Kids are a tough crowd. They often have no filter and say it like it is, without any thought of how it’s going to come out. They do not pull any punches when it comes to “beating around the bush.” Honestly, I admire their straightforwardness and ability to say something that everyone else is thinking but afraid to say. I wish I had the wherewithal to be that open. But I fail miserably, almost daily it seems!
I’m admittedly a very impatient person. Why on earth did you have kids then? I’m sure you’re asking me that! I ask myself that sometimes as well, knowing full well that my patience can run thin at times, especially after a long day at work or with various daily life stresses.
It’s on those days that the grace has fully left my body and I’m overtaken by the most impatient person you’ll ever meet. It’s precisely at that moment my kids will talk incessantly, over each other,in growing volumes and I snap. I become the child I once admired for their lack of tact and their ability to say exactly what’s on their mind. Additionally with no thought of how it may come out or what someone may translate it to mean. It’s then, I realize what an awful mistake I’ve made while my children stare up at me with that look of disappointment and despair.
Well, now you’ve gone and done it mom! You blew it! You lost your cool.
No one ever said being a parent was going to be easy. I wish I could say that being a mom is always sunshine and rainbows. Honestly, there are a lot of cloudy, pouring days when you’re a parent. Sometimes even more so when you’re a single mom doing this parenting thing with no apparent back up. But, in true mom fashion, you pull up your bootstraps and repeat the mantra that goes something like this:
“Into each life some rain must fall” (in order to appreciate the blue skies that will come). The second part is my addition to the quote.
Essentially, in order for us to see all the good we have going for us, we’re bound to make mistakes. But it’s what we do with those mistakes that pushes us forward. How we respond, not only to others, but also to ourselves during those moments after you realize something has gone amiss. What can I do with those moments?

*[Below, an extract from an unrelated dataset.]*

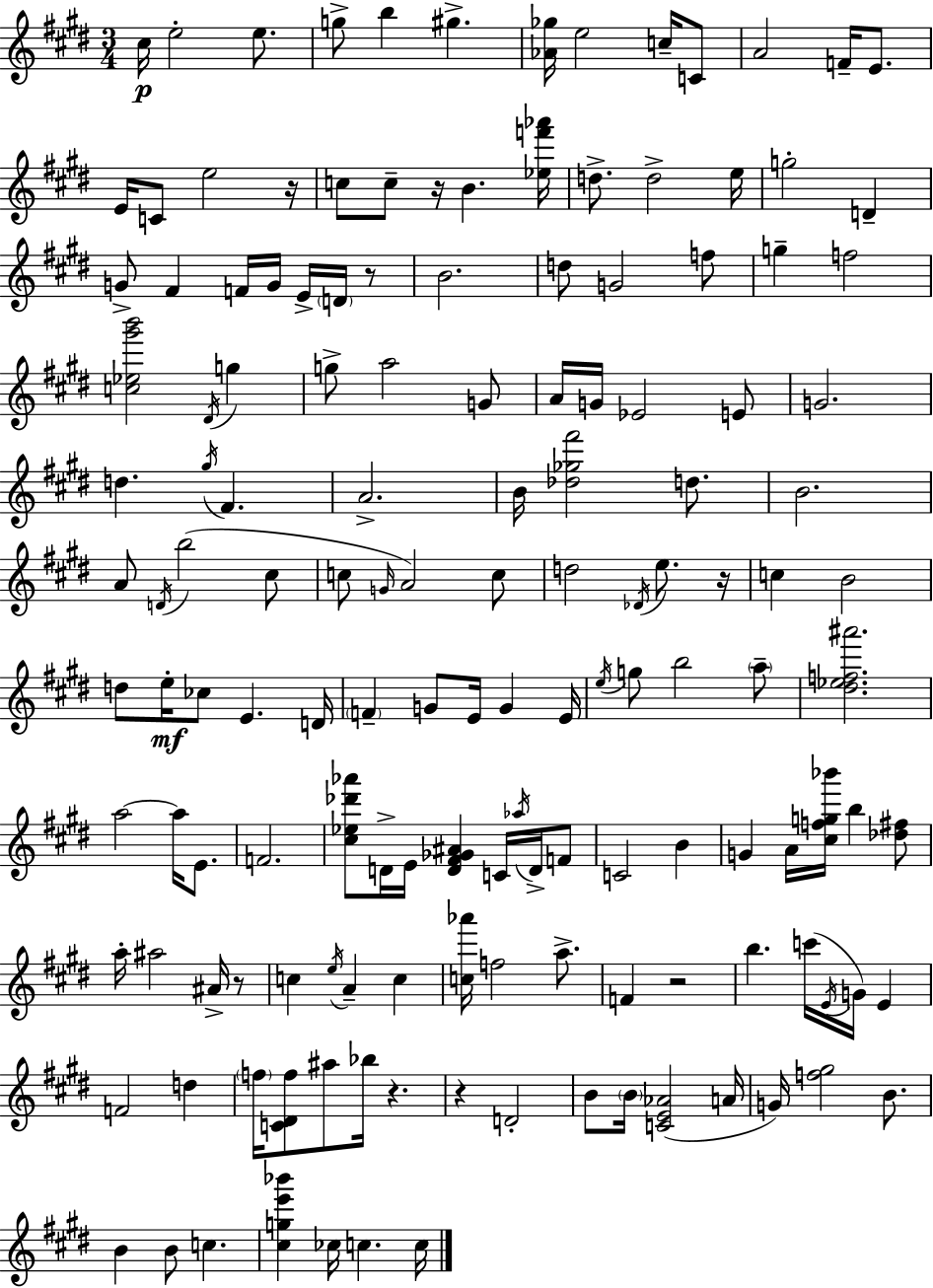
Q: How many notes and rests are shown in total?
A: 148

First and foremost, I take a step back, take a moment to gather my thoughts, which I did not do previously, and THEN I talk. I don’t mean talking AT my kids, but talking WITH my kids. And I start the conversation with an apology. I apologize to my children for my words and my reaction. I take the path of humility, and ask my children to forgive me. This is not easy. It’s hard enough to do this with adults, but it’s so hard to do with my children even more. I think partially because I’m supposed to be the living example to my children. I’m supposed to be molding them into their future selves. What I say and do is going to shape them into who they will be.
But then, again after some introspection, this IS modeling what they should do. This is teaching them that no one is perfect, and that no one is beyond making a mistake. No one is exempt from imperfections, and boy am I relieved! My children will attest to you that I have lost my cool and I’ve reacted not so favorably at times to their actions. And that’s on me to make right and set an example. Apologizing to my children is humbling, and it’s hard, but it’s necessary.
Setting a positive example for your children starts with mistakes and blunders in life. Without them, they’d never know how to handle the aftermath and the clean up. I’m not afraid anymore to make things right with my children. In fact, I think it’s an important life lesson we all go through. Children are quite forgiving and at least my boys have learned that we aren’t perfect. We all make mistakes. And what’s even better, is that my boys have learned the importance of unconditional love and acceptance. They have learned that an apology can make a world of difference and can open the doors to more life lesson conversations.
Saying “I’m Sorry” to your kids is not always easy, and it takes a lot of understanding, on both the parent and the children’s part. But letting down your guard, and showing your children that you aren’t perfect and that you do make mistakes allows the forgiveness they freely give that much sweeter.